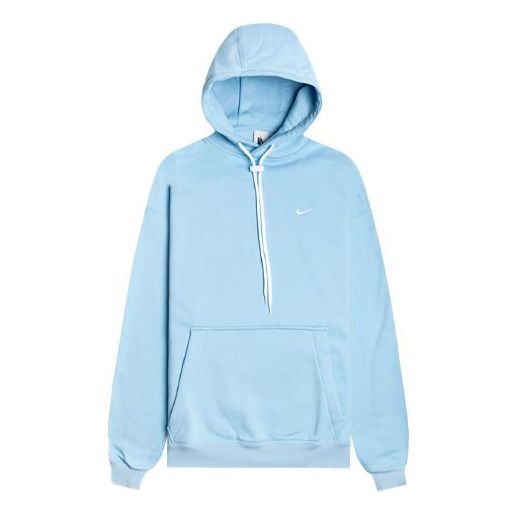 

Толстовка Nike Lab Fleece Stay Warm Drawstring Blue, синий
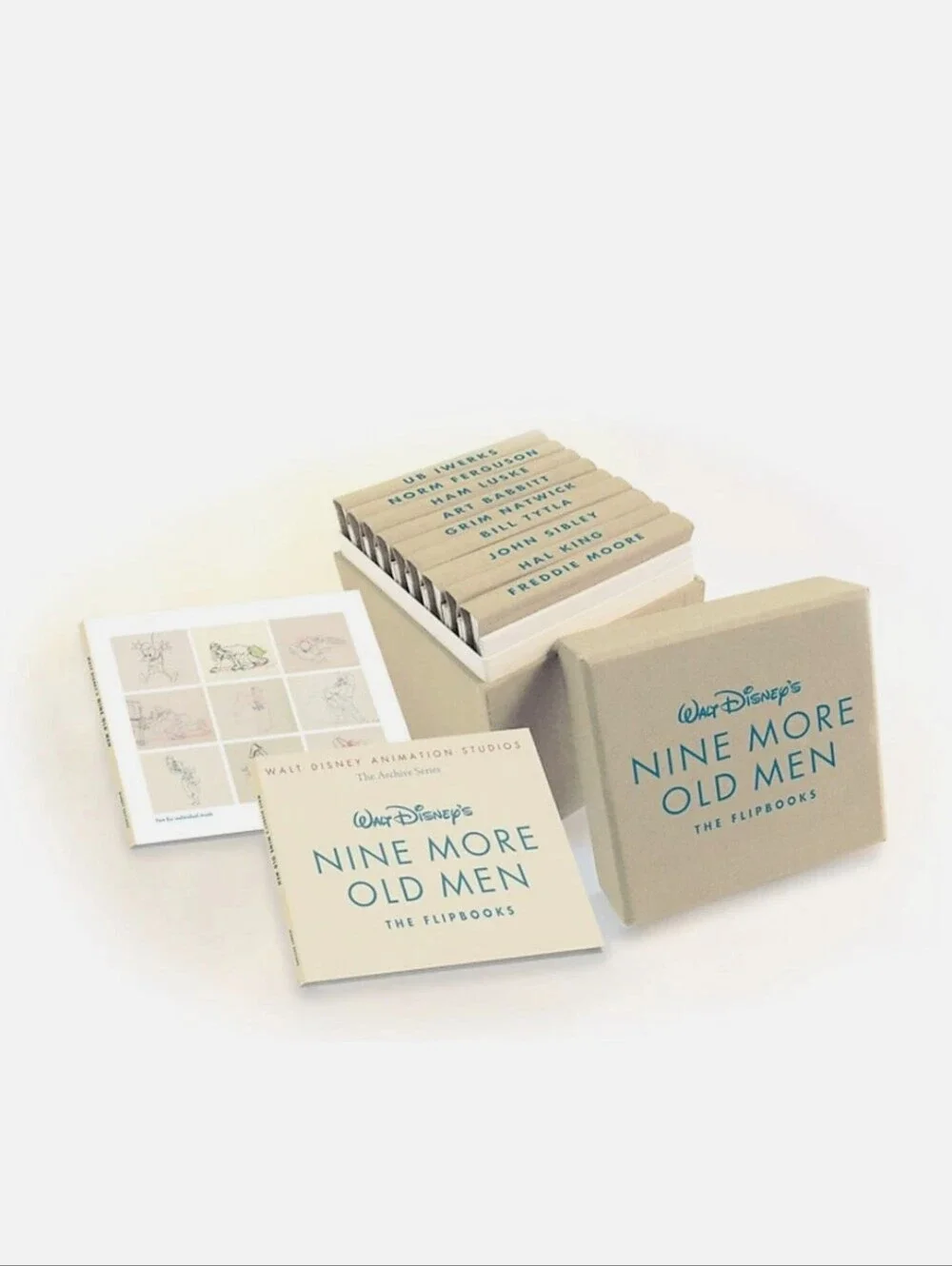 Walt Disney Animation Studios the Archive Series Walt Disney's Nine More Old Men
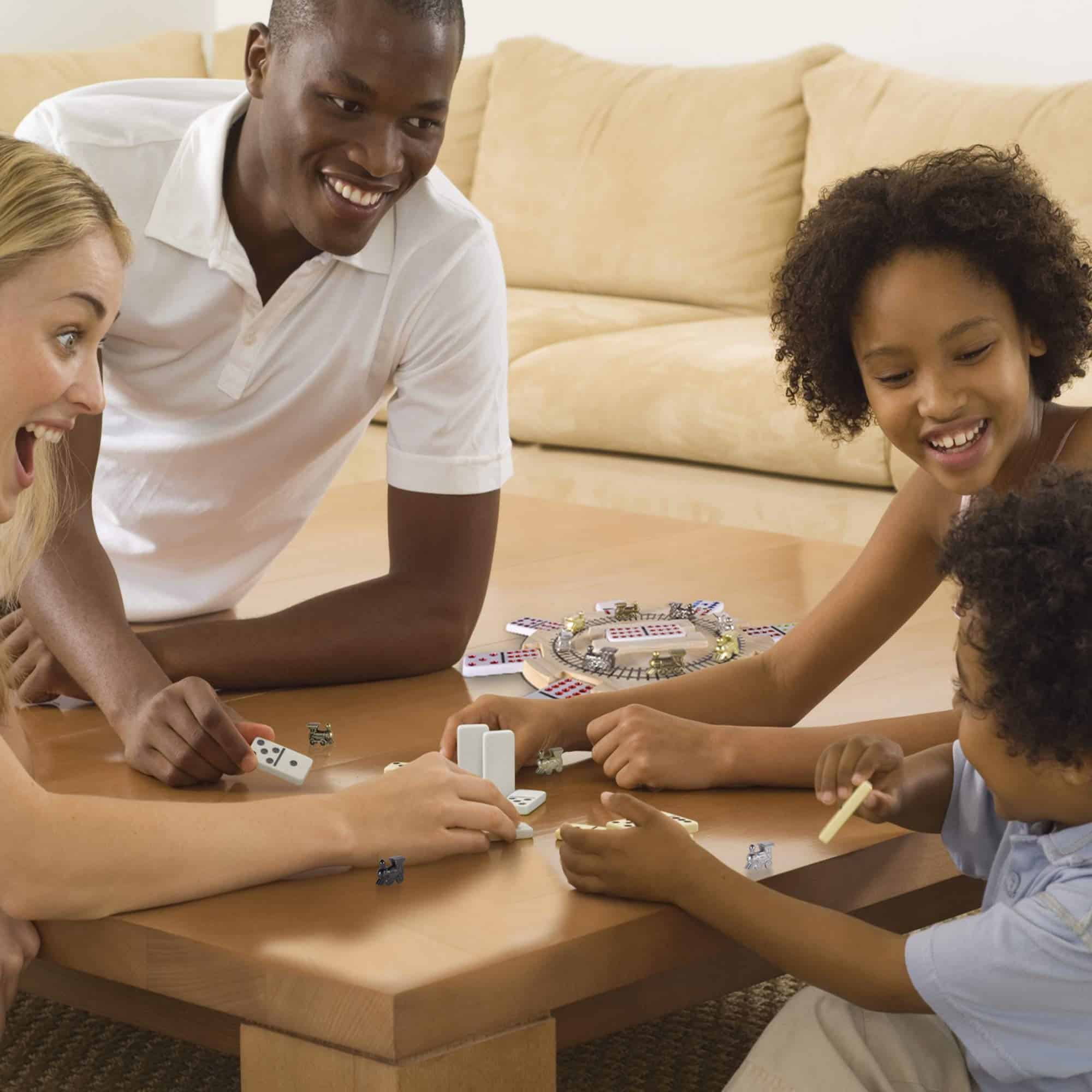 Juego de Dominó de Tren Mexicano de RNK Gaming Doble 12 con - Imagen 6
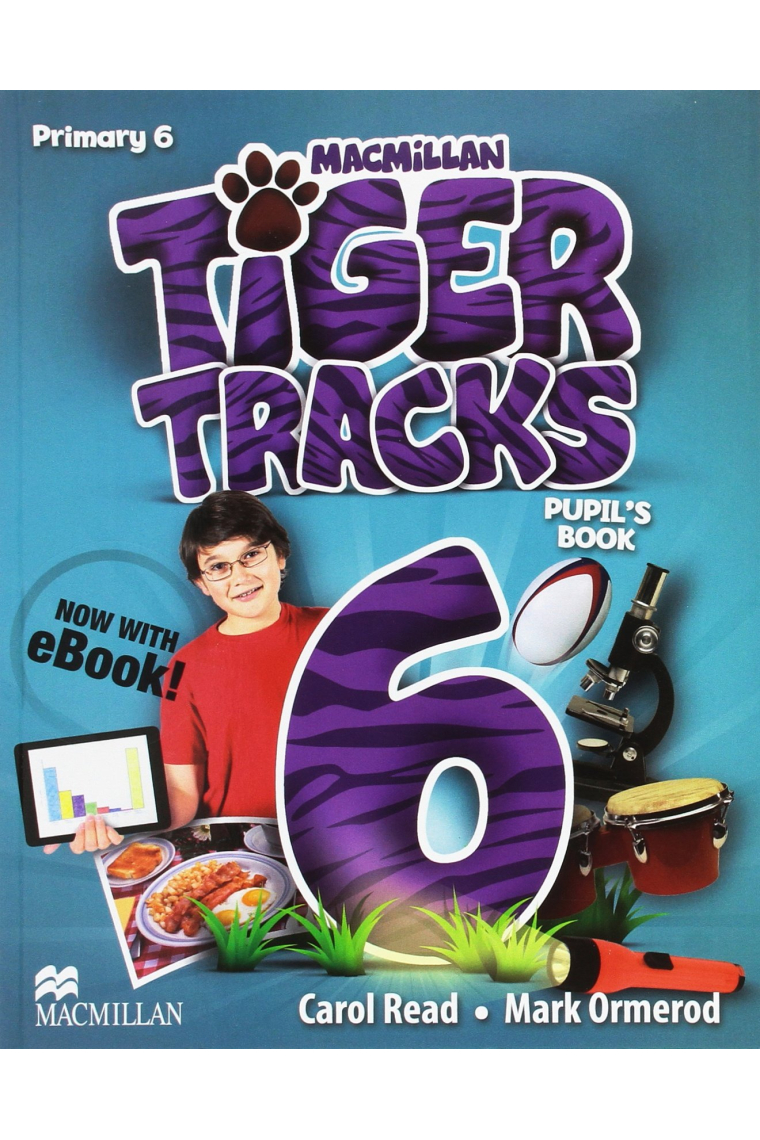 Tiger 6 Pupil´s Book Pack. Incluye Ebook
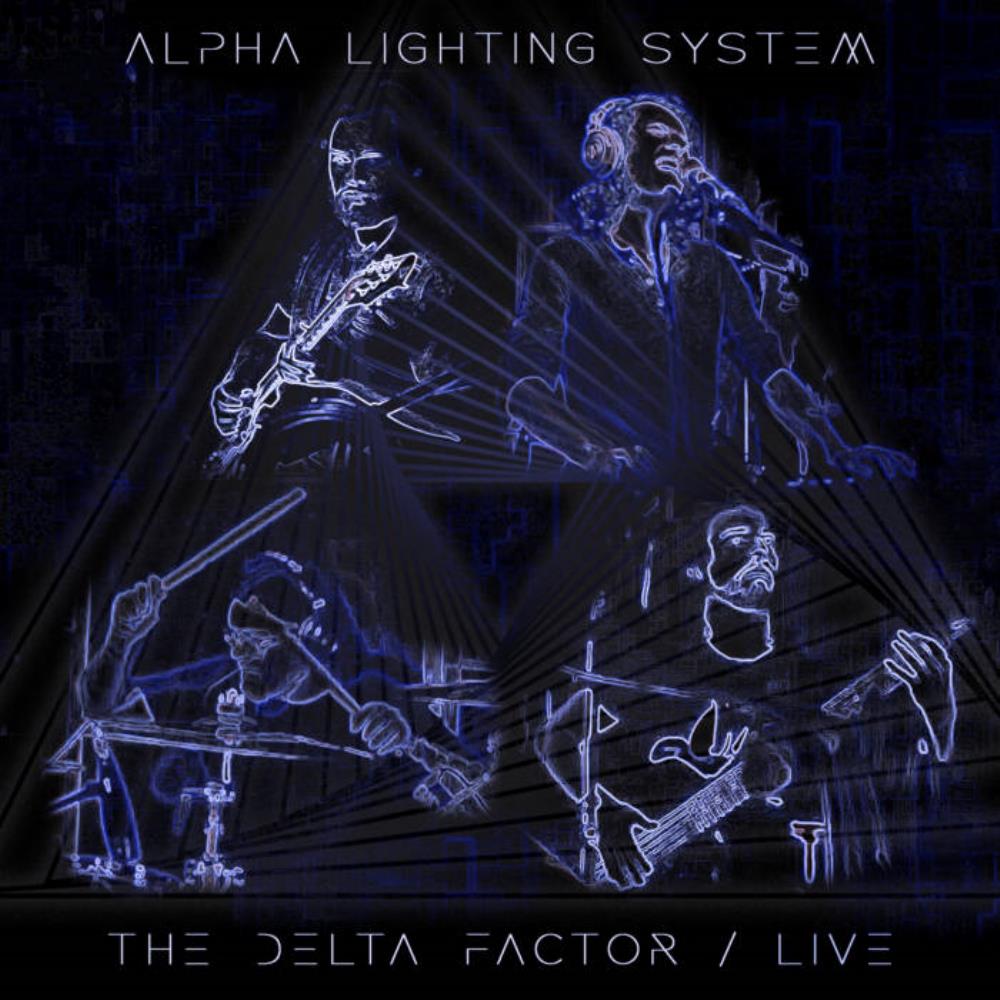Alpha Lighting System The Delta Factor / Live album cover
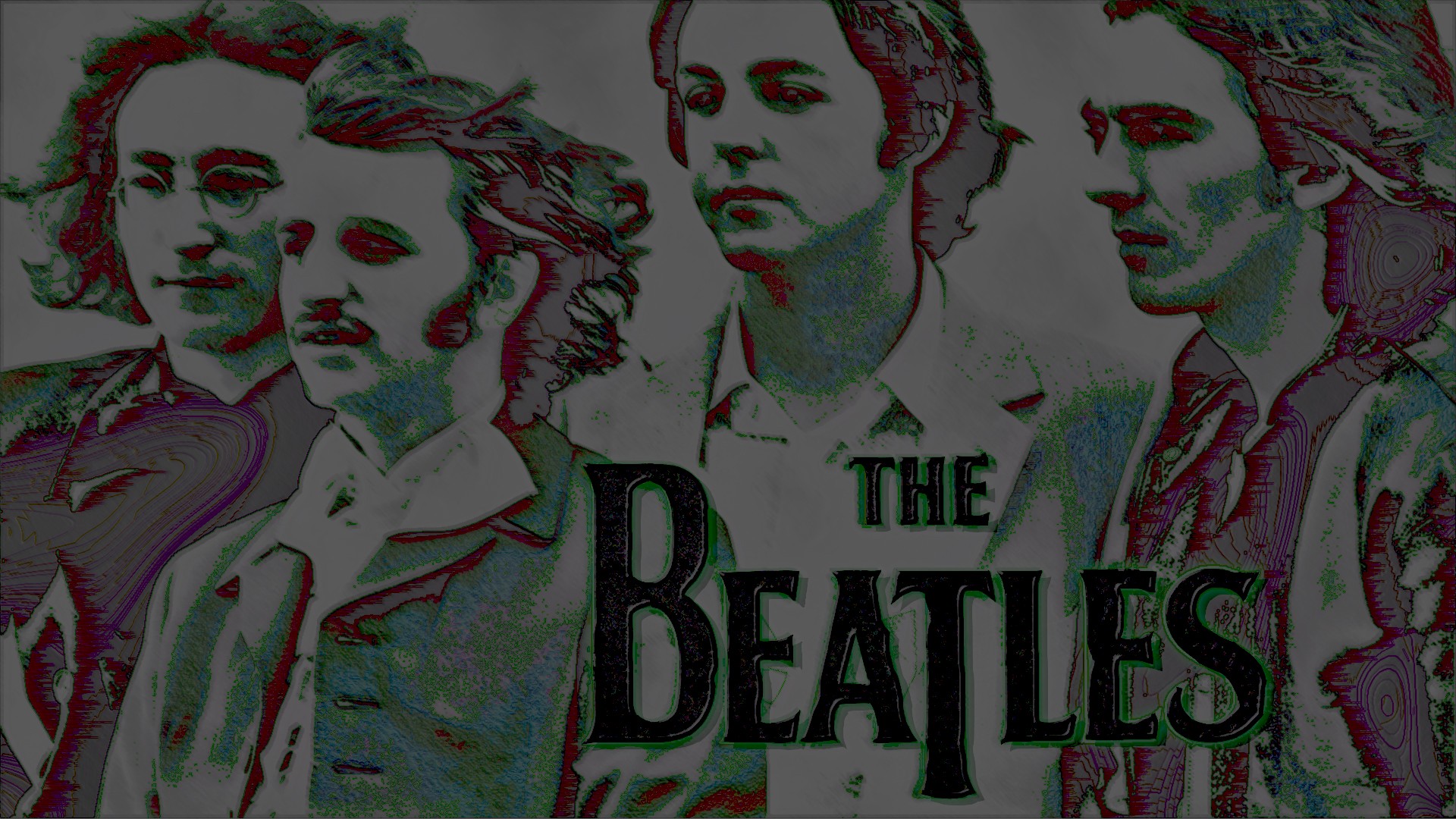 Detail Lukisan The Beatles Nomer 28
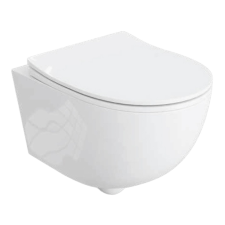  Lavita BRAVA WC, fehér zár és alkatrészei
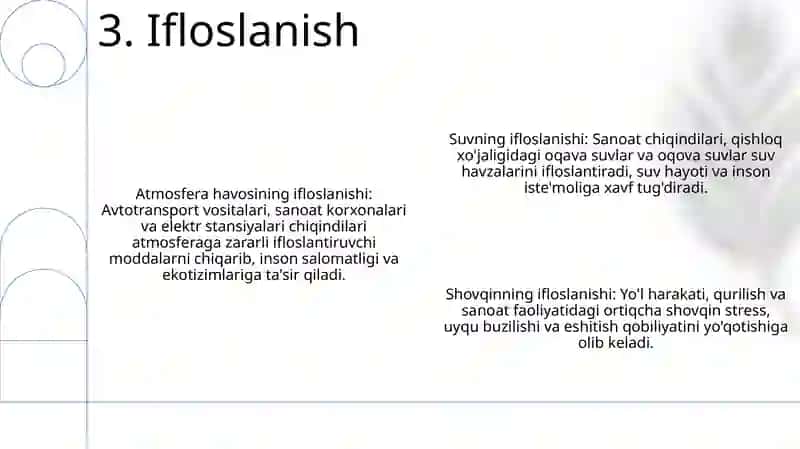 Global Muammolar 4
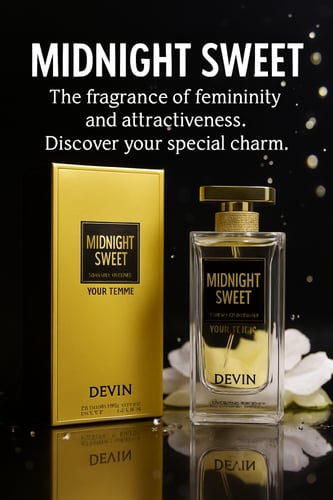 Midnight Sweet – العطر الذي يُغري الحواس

### Exercise directions
Write out word for word every line from the line with "Tiger 6 Pupil´s Book Pack. Incluye Ebook" through the final line of the records, both included, skipping the pictures.

### Result of the exercise
 Tiger 6 Pupil´s Book Pack. Incluye Ebook
Alpha Lighting System The Delta Factor / Live album cover
 Detail Lukisan The Beatles Nomer 28
  Lavita BRAVA WC, fehér zár és alkatrészei
 Global Muammolar 4
 Midnight Sweet – العطر الذي يُغري الحواس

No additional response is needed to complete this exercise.